Best way to source tombstone

Trying to capture tombstone information. What is the best way to enter this in RootsMagic?

One way would be to use the tombstone as a source for stuff such as birth or death dates, and in some cases marriage dates. I don’t know what other information you get from a tombstone outside of kids first names, maybe some military information from the brass plaques. The tombstone is more of a source for information that you probably already have. There is even a Findagrave source template out there which can be loaded into RM. It would seem that the information you ‘capture’ from the tombstone mostly has a fact that it can be applied to, except for maybe transcriptions which could be added to the burial fact notes or something like that.

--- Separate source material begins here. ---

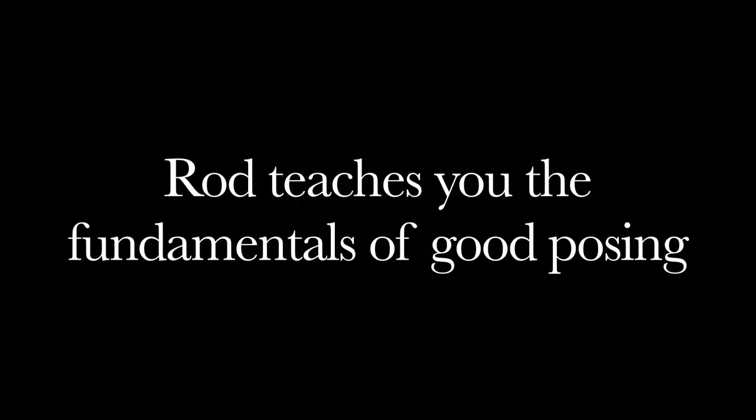Remember, we're sculpting light. We're not just lighting the subject and putting flat light on them — we actually want to sculpt and mold and add structure and strength to the image.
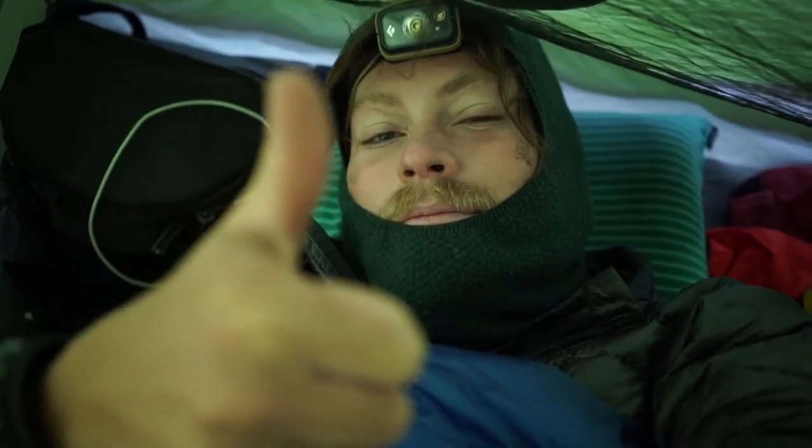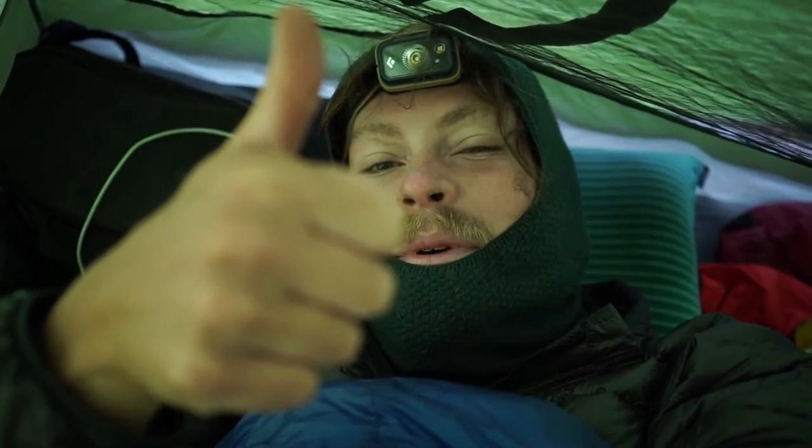20 degrees is definitely more of a three-season temperature rating in my opinion. I wouldn't recommend going out in the winter with a 20-degree bag — I would look more into a zero, a five, or maybe even a negative-10. Western Mountaineering Ultralight — thumbs up, I love this bag, I'm gonna keep using it, it's awesome.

You can obviously use a tombstone as a source for whatever information it contains - birth, death, marriage, etc. And it implicitly is a source for burial information, with the caveat that sometimes a stone doesn’t actually represent where a person is buried.

A transcription of the tombstone can also be entered as a note into the Burial fact or entered as a note into its own fact type. For example, I have a Burial Inscription fact type. As a separate fact type, I can easily choose to include it or not in reports or in GEDCOM, etc.

Thanks. I appreciate your good information.

One more caveat is that a tombstone sometimes isn’t a tombstone at all, but rather is some sort of memorial or historical marker. I have two ancestors who were Revolutionary War soldiers and where the D.A.R. placed a memorial marker for them in a cemetery. Now everybody seems to think that those two men were buried where their memorial marker was placed, when in fact they were not buried in that cemetery at all.

To make matters even worse, the information about the death date for each man is off by several years on each of their respective memorial markers. Now those markers have become incorrect sources for each man’s death date.

@kecarlso the source should point to however you learned about the cemetery marker. This could be:

  • email exchanges with a cemetery office
  • an online profile from a website like Billiongraves or Find a Grave
  • an unindexed image of a card catalog card from that cemetery’s office, that ended up in a local historical society collection
  • yourself happening upon the stone while strolling through a cemetery
  • a scribbled note about the funeral and burial that someone uploaded to their tree on Ancestry without any details about this note–and the person who uploaded this, lets say, is now unfortunately deceased.

If you place all these source-types aside now, your database profile for this person might have separate facts that you, the database creator, made for this person’s birth, death and burial. Now let’s say this cemetery stone has an image on Find a Grave, and that image shows a date of birth, and a death date, and some other things i.e. “wife of” or whatever.

The name of the game is basically to ring-out, by tagging in the database, as much as you can for each source you have on hand. So back to the Find a Grave photograph example, you might be able to tag that one single source to: birth, death, burial and the marriage to whomever, the latter based on the “wife of” text seen in the inscription—but the source found for a 3x5 card in the cemetery’s old records, now at the historical society or wherever, might only be “tagable” if you will, to the burial “fact” created by the database creator for this person.

Hopefully that’s somewhat clearer than mud, but there you have it. Cheers!